Let's recap exactly where all this started. Just three years ago, Columbia County fire service was provided by a hodgepodge of professional and volunteer departments in Grovetown, Harlem and Martinez, and by volunteers in Appling, Leah and Winfield.
Except for the two cities' tax-supported departments, fire services were financed by unreliable, voluntarily paid fire subscription fees. The oldest and largest, Martinez Fire Department, collected enough revenue from its subscribers to thrive. But many residents in the zones of the smaller departments didn't pay at all. That created a vicious cycle: Fewer subscribers paying meant the departments couldn't improve, and lack of improvement failed to attract more paying subscribers.
The county's growth threatened to send that cycle to a breaking point, but in December 2005 commissioners jumped ahead of the curve and implemented a fire tax on all residents, and then contracted with the volunteer services to provide fire protection.

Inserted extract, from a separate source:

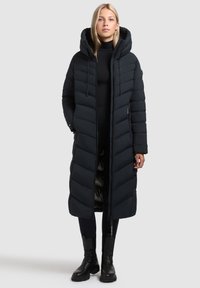 Abrigo puffer largo negro con capucha, con patrones acolchados y cremallera completa. Llevado sobre un conjunto negro y combinado con botas negras.
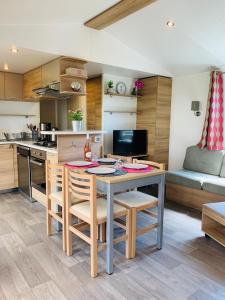 een keuken en een woonkamer met een tafel en stoelen bij Mobil home excellence le lac des rêves 4* LATTES in Lattes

It's politically risky for local officials to hit citizens with a new tax. But in this case, the risk has more than paid off: Rather than what in some cases was fewer than half of the residents paying a subscription fee, close to 100 percent of taxpayers now fund better fire protection for everyone.
The county further streamlined the program by awarding all of the unincorporated territory to the renamed Columbia-Martinez Fire Rescue. That effectively dismantled the smaller volunteer departments, but they have been able to more than recoup their investments. Selling trucks and equipment has allowed the former firefighters to pay off all of their debts, and to establish a substantial scholarship fund with the extra money.
The more-reliable revenue from the fire tax, along with sales taxes and funds from voter-approved bonds, has allowed the county to aggressively expand fire protection in the rural areas of the county - something the smaller departments simply would not have been able to do with unreliable subscription funding.
The missing link is fire insurance ratings, which should be the final boost from all of the considerable work and expenditures in improving Columbia County's fire protection. Emergency Services Director Pam Tucker points out that once the final pieces of the improved service are in place, the county will request an insurance audit for the rural areas. If the fire rating improves as expected, homeowners should save money by seeing a long-awaited drop in their fire insurance cost.
Has the transition always been smooth? Of course not. No change this big, and this fast, is going to be glitch-free. But this is one of the biggest improvements in Columbia County in decades - and it deserves celebration.